Born and raised in Bray, Katie Taylor showed early signs off athleticism, and went on to box and play association football, Gaelic football, and camogie in primary and secondary schools, as well as being a member of the Bray Runners athletic club. Despite reportedly being offered athletic scholarships by some American schools, Taylor elected to attend UCD based on her academic and not her sporting achievements. But when her boxing career began to take off, she was forced to leave UCD before receiving her degree.
Through hard work and rigorous training with Peter Taylor (her father, and also her trainer), Katie rose up through the amateur boxing ranks at a time when women’s boxing was little known, and even less respected. In fact, it’s largely due to Taylor’s gold medal victory in the 2012 Olympic Games in London that women’s boxing began to enjoy some notoriety.
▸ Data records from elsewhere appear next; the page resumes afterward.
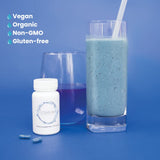 Capsulas Ocean Rx Spirulina Azul en mano para medir la dosis diaria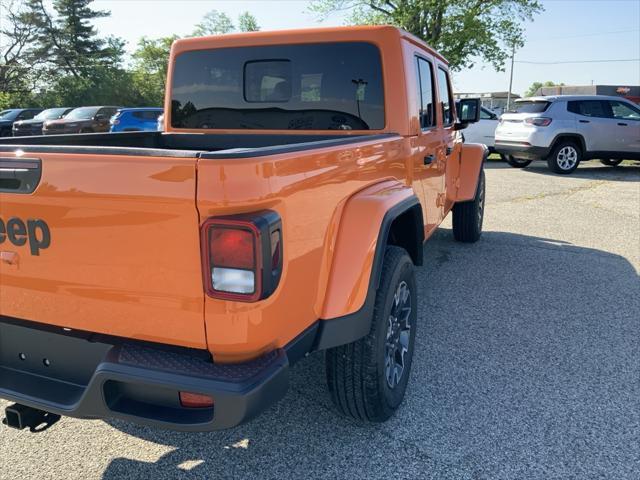 new 2025 Jeep Gladiator car, priced at $49,178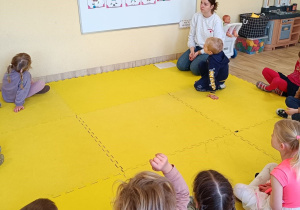 dzieci z grupy Rumianki wczasie zajęć "Każdy inny ale wszyscy równi"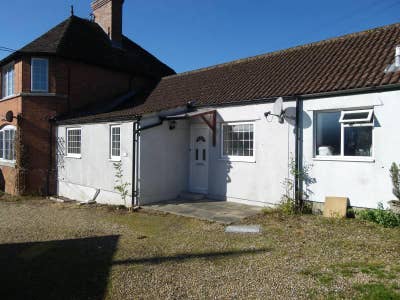 Fern Cottage, Flat 3 Station Road Main Photo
Not only was London 2012 the first time that women’s boxing was a part of the Olympic games, but Taylor’s win was Ireland’s first ever Olympic gold medal.
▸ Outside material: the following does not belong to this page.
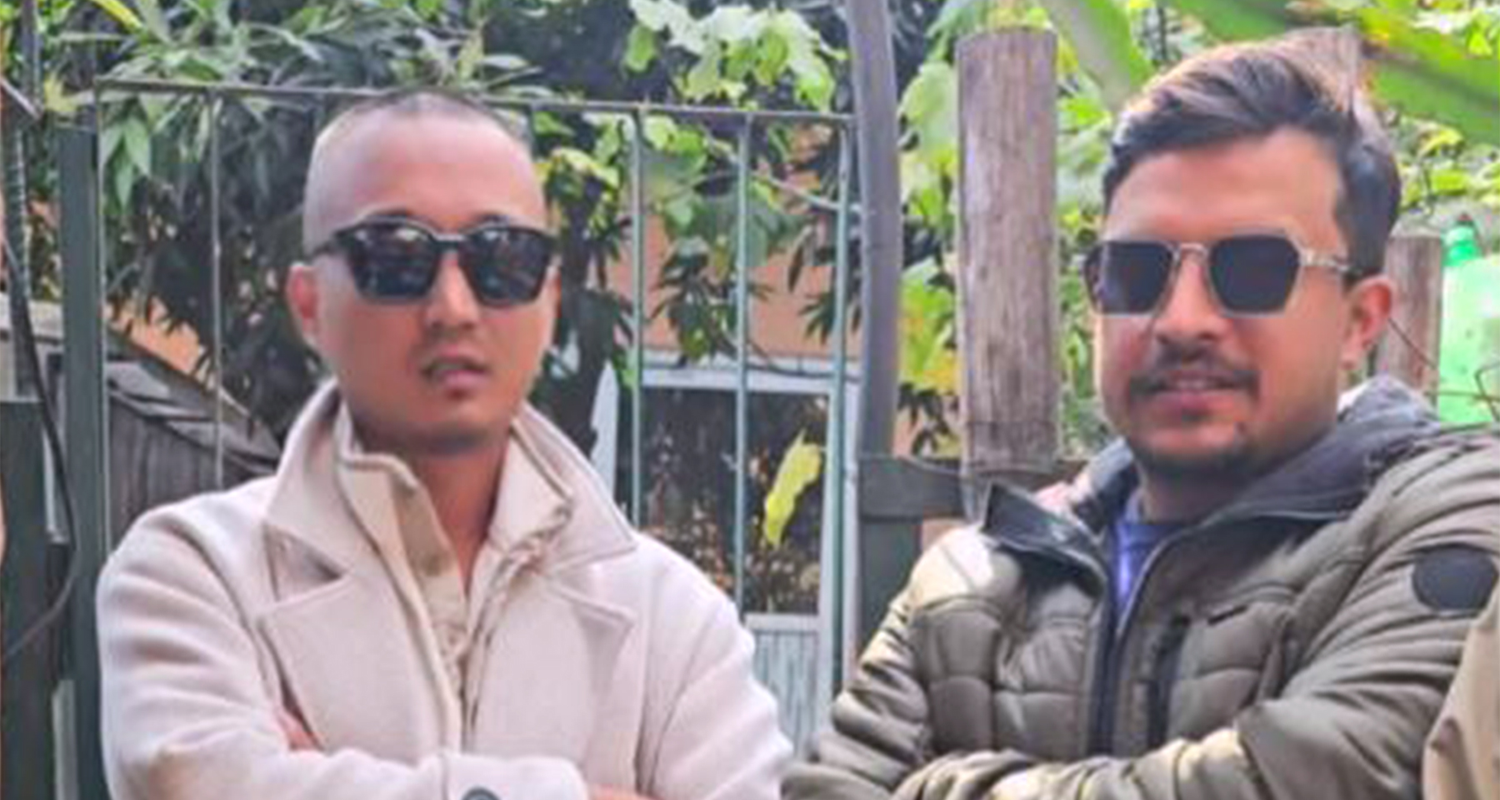 रवि बालेन भित्र छलफल गरिरहेका बेला सुदनले बाहिरबाट ढोकामा चुकुल लगाएपछि…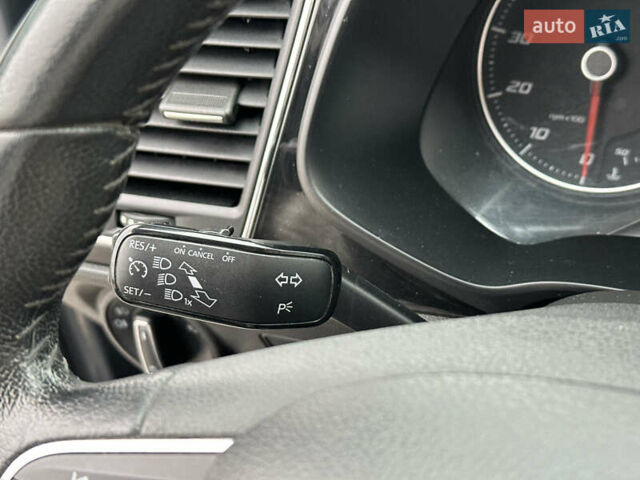 Сірий Сеат Leon, об'ємом двигуна 1.2 л та пробігом 127 тис. км за 9900 $, фото 62 на Automoto.ua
Post-Olympics, Taylor’s career went through a four-year series of ups and downs, resulting in a disappointing quarter finals defeat in the 2016 Olympic Games in Rio. Later that year she turned pro, and has enjoyed a 10-0 record, and what appears to be a renewed personal and professional vigor. Katie Taylor’s story is definitely one worth telling, as it, so far, appears to have a Hollywood ending.
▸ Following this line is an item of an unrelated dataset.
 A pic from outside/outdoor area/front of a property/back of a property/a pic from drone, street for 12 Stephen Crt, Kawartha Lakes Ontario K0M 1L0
Whitaker’s documentary takes viewers from Katie’s earliest days in Bray, through her rise in women’s amateur boxing, her two Olympic appearances, her move to the United States, and into her professional boxing career. Whitaker shows particular tact and sensitivity by not prying too deeply into the prurient details of her agonizing split with her father/trainer. That moment in time was famously (and shamelessly) played out in the pages of the Irish broadsheets. It was a time that saw Taylor on the ropes both personally and professionally. During this time, she elected to focus on her boxing, and moved to America, away from her remaining family support members. Still quite young, she grappled with living on her own for the first time, training with someone other than her father, a fading amateur career, and the need to make a living. But, as always, she rose to meet those challenges.
Fortunately for boxing fans, and, most of all, for Katie herself, hard work and persistence paid off. Taylor’s rise in professional boxing has made her a darling of HBO Sports, and seen her hold multiple boxing titles. She’s currently (Oct. 2018) the reigning world champion, possessing both the WBA and IBF women’s lightweight belts.
In the end, Whitaker’s film is a steady, reliable, no frills account of Taylor’s life and career. The film is inspiring, not so much as a film, but as a tale of human strength and resilience.